Sunday, June 5, 2016

#Book #Review #Promo. . .Charcoal Joe #BookBoost


About the Book

Picking up where Rose Gold left off in L.A. in the late 1960s, Ezekiel “Easy” Rawlins finds his life in transition. He’s ready to—finally—propose to his girlfriend, Bonnie Shay, and start a life together. And he’s taken the money he got from the Rose Gold case and has, together with two partners, started a new detective agency. But, inevitably, a case gets in the way: Easy’s friend Mouse introduces him to Rufus Tyler, a very old man everyone calls Charcoal Joe. Joe’s friend’s son, Seymour (young, bright, top of his class at Stanford), has been arrested and charged with the murder of a white man from Redondo Beach. Rufus tells Easy he will pay and pay well to see his nephew exonerated, but seeing as how Seymour was literally found standing over the man’s dead body at his cabin home and the racially charged motives behind it, that might prove to be a tall order.
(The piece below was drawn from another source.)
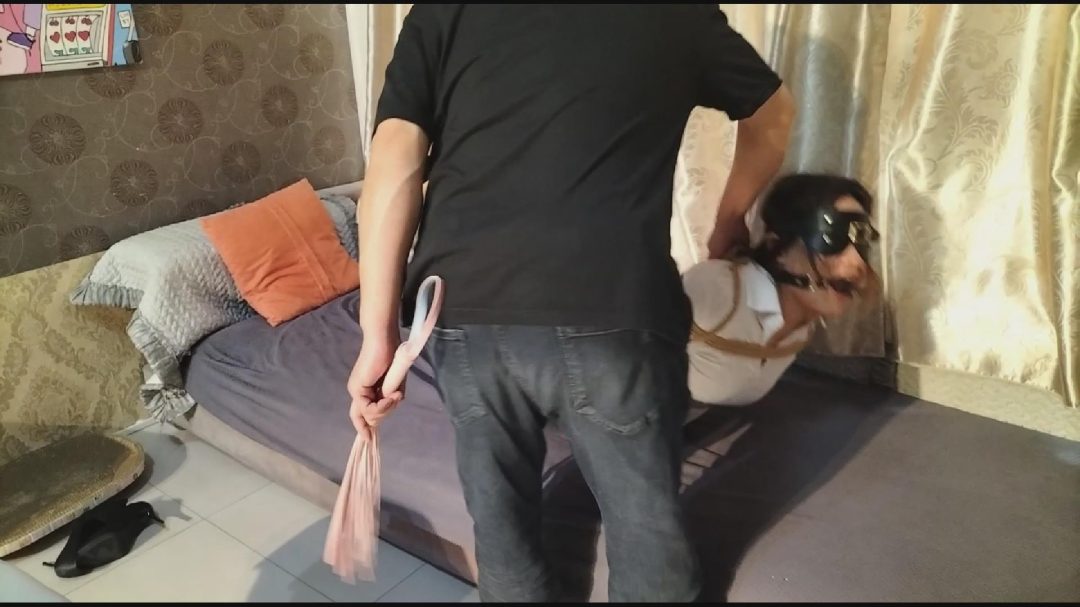 老板小易遭受员捆绑，眼罩蒙眼，口球驷马，鞭打，蛙跳，最后逃脱-3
Between his new company, a heart that should be broken but is not, a whole raft of new bad guys on his tail, and a bad odor that surrounds Charcoal Joe, Easy has his hands full, his horizons askew, and a life in shambles on the ground around his feet.



M & J’s Review


I must admit, it’s been many moons since I’ve read an Easy Rawlins mystery. With the writing style of Mosley, one thing is for certain—reading an Easy mystery takes a certain rhythm, and once you move with the beat of the words, the dance is breathtaking!

Ezekiel “Easy” Rawlins has matured as a character, as well as in his current life standing. He’s in a good place and for good reason. He’s finally going to take the plunge and propose to his girlfriend, Bonnie Shay—a woman who sets his soul and being on fire. Not only is his love life in order, he and his two cronies have set up a new detective agency, WRENS-L. It’s a combination of his and his partners’ names. Very clever indeed. But, of course, as Easy knows all too well, life doesn’t always turn out the way we plan it.

When Mouse, a childhood friend, comes knocking on his door, firecrackers, smoke and red flags went to popping and waving, which was a sure sign that Easy should have just looked the other way, but this was Mouse coming to him with a proposition that Easy couldn’t afford to walk away from.

As in the true fashion of Easy and this being the 1960s Los Angeles, once he begins to investigate a young man named Seymour’s alleged murder wrap, everything Easy thought he knew turns a bit upside down. Not only is his own life put on hold, he had to interrupt his daughter, Feather’s life, in order to guarantee that she and he would live to see another day. So what does a man in Easy’s position do? He calls upon a man he trusts more than himself, Fearless. Fearless provides not only hired muscle to handle all the sinister characters Easy comes across; he is a true confidante for Easy to talk to. The more Easy delves into all the shady people trying to ruin Seymour’s young hopeful chances, the more Easy is left feeling uneasy.

When the dust settles, there will be dead bodies, diamonds, millions of dollars and mystery left at the doorstep for you, the reader, to open and discover. What did a nineteen-year old have to gain by murdering two mob men in a Malibu beach house? And furthermore, did he do it? If you’re not familiar with Easy Rawlins, you’ll soon discover that “Trouble” is his middle name. Or shall I say, “Trouble” has a way of winding its way straight to Easy’s path. 

This is the fourteenth novel in the Easy Rawlins mystery series. It was boldly written with all the shady and colorful characters that Mosley has eloquently devised and developed throughout the years. I love Easy, Fearless and Mouse. There were even a few new characters introduced that were a true delight to read. Mosley is one of those writers that gives the reader a lot of description, but as he does, your mind’s eye begins to see the movie reel advance, frame by frame and you can’t put the book down afraid of breaking up the visual scene. As with A Devil in a Blue Dress, I’d love to see Charcoal Joe turned into a motion picture film.

Mello & June gives Charcoal Joe five stars and beyond the galaxies. A fantastic, exciting adventure that grabs hold of you from the first page until the last. I know one thing; I’m looking forward to backtracking in the series and catching up with Easy. I see a lot has changed since I last read him. Mosley is a brilliant writer and commands his readers to think and take notice. Charcoal Joe goes on sale June 14, 2016. Mosley never disappoints. Reacquaint yourself with the colorful characters in the Easy Rawlins series. I’m so glad I did. Happy Reading!